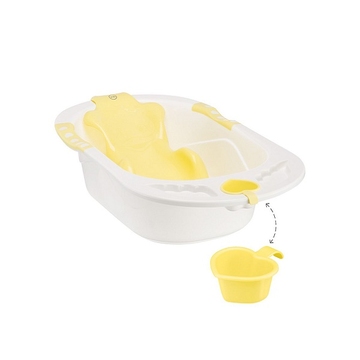 Детская ванночка Happy baby с анатомической горкой Yellow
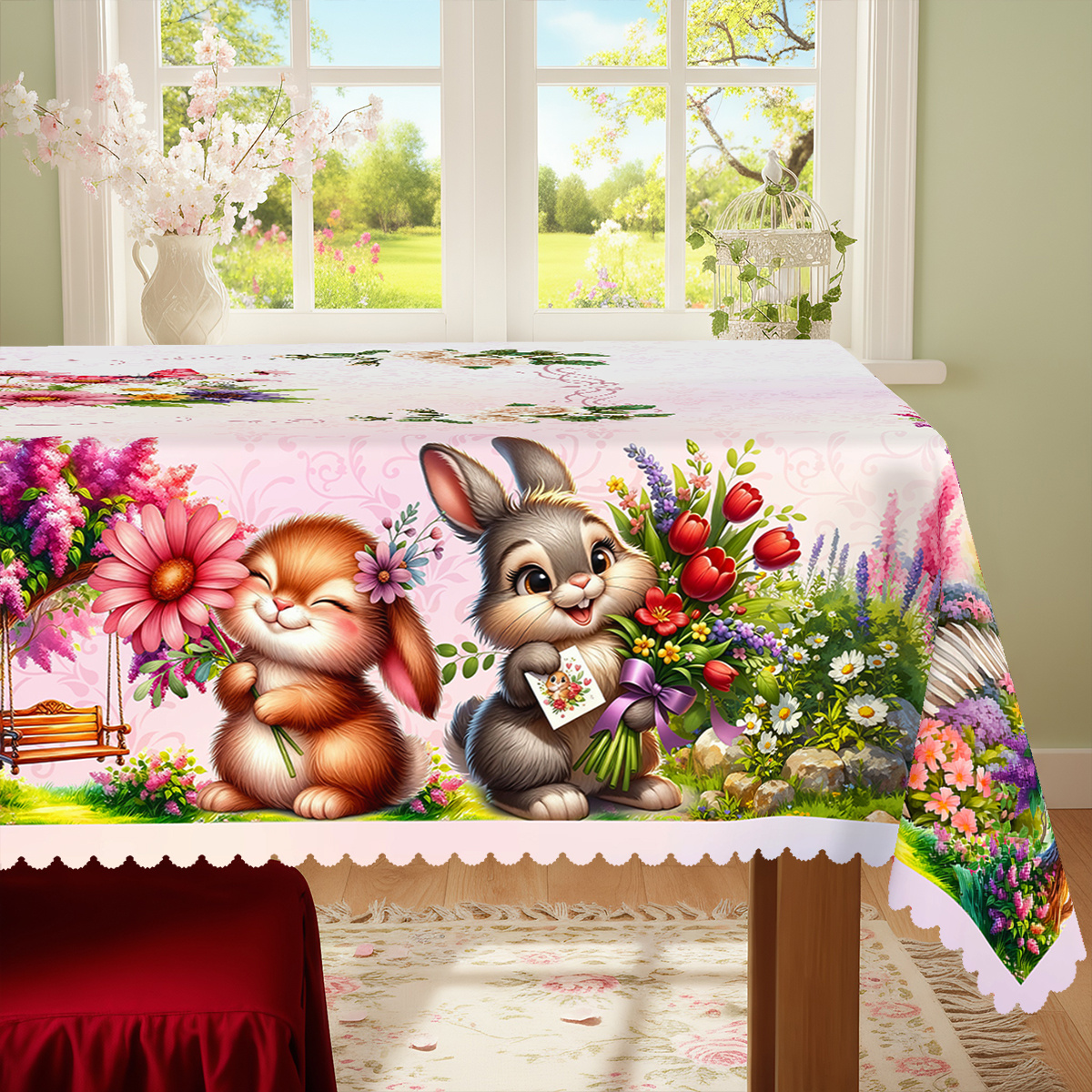 TEMU 1pc Elegant Easter Party Tablecloth, Durable Tablecloth, Spring-summer Rabbit Tulip Garden Floral Print Design, Rectangular/square Tablecloth,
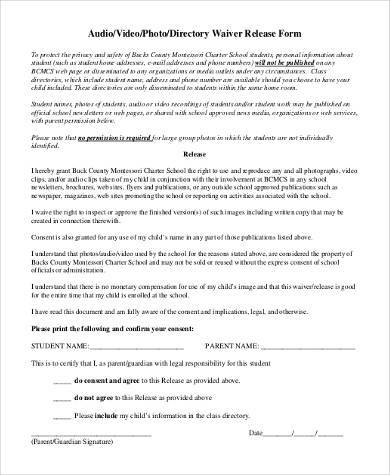 video waiver release form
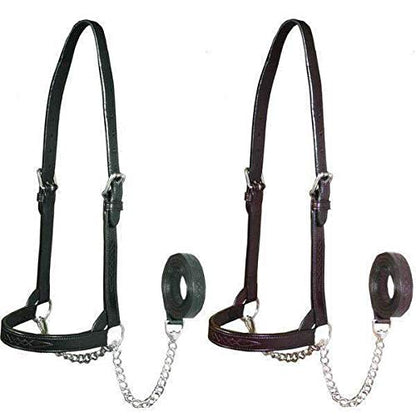 Derby Originals Premium Fancy Stitch Flat Leather Cattle Show Halter – Adjustable Fit with 48" Lead and 14" Chain, Small/Medium/Large – 1-Year Warranty - color: Havana, size: Large (950lbs-1500lbs)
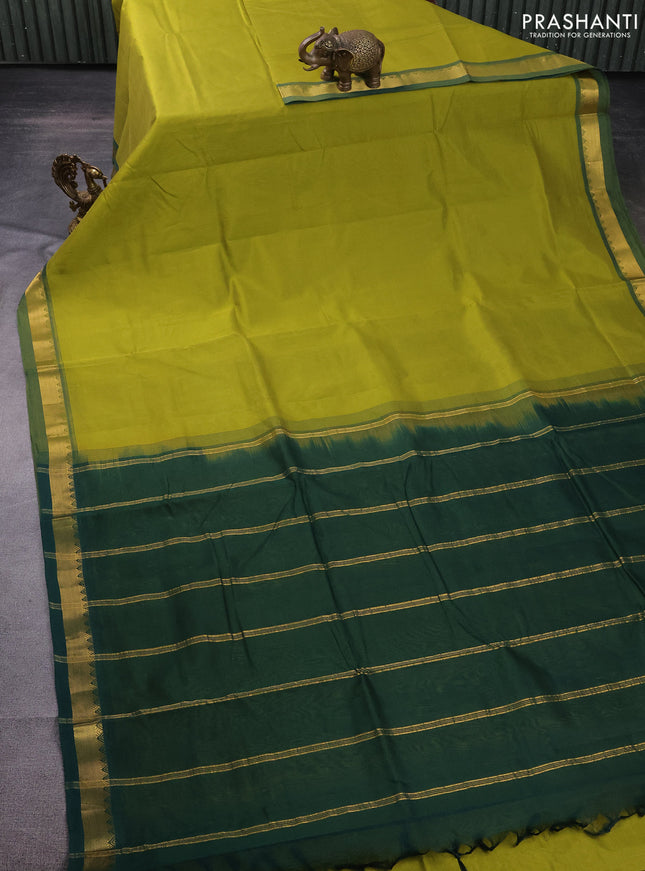 10 Yards silk cotton saree mehendi green and bottle green with plain body and zari woven border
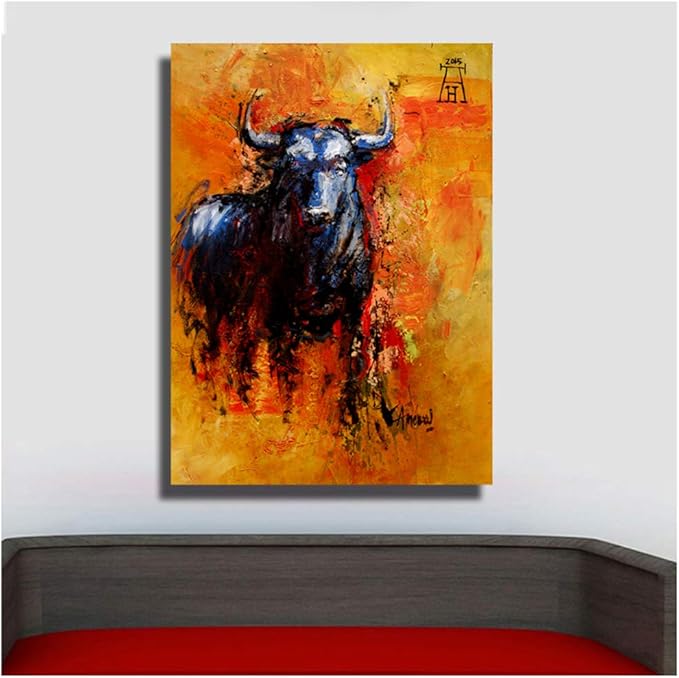 Canvas Art Print Bull Animal Oil Painting on Canvas Wall
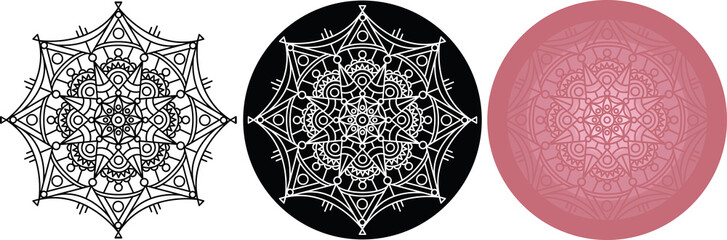 Set of Mandala for coloring book. Black, white, color pattern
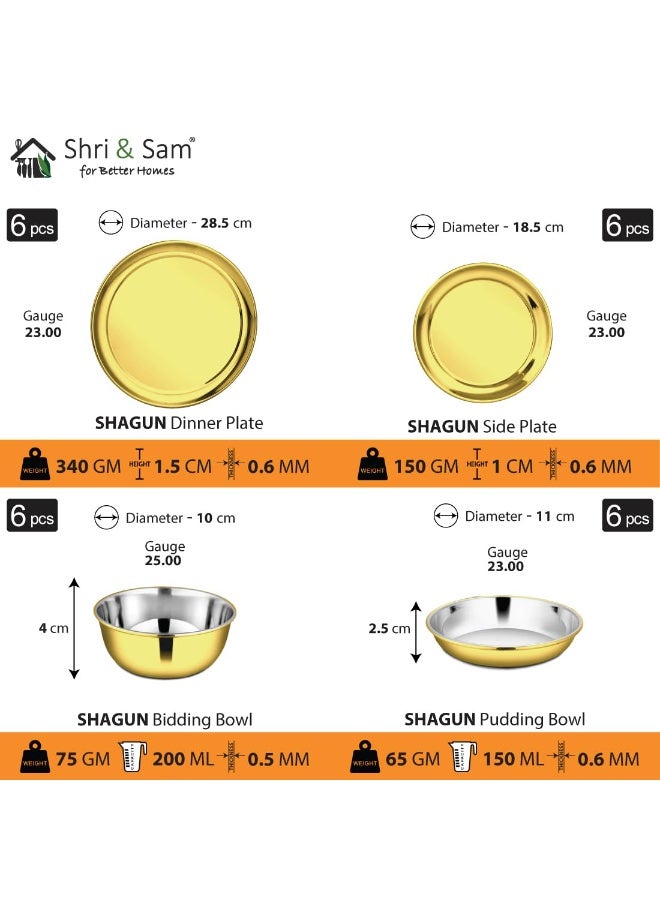 Shri & Sam Stainless Steel Shagun Solid Dinner Set (50 Pcs Set Gold) - Image 2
------------------------------------------------------------
What you need to do =
From the line containing "Canvas Art Print" through the end of the entries, quote each line exactly and nothing else, excluding all pictures.

Answer for the task =
 Canvas Art Print Bull Animal Oil Painting on Canvas Wall
 Set of Mandala for coloring book. Black, white, color pattern
 Shri & Sam Stainless Steel Shagun Solid Dinner Set (50 Pcs Set Gold) - Image 2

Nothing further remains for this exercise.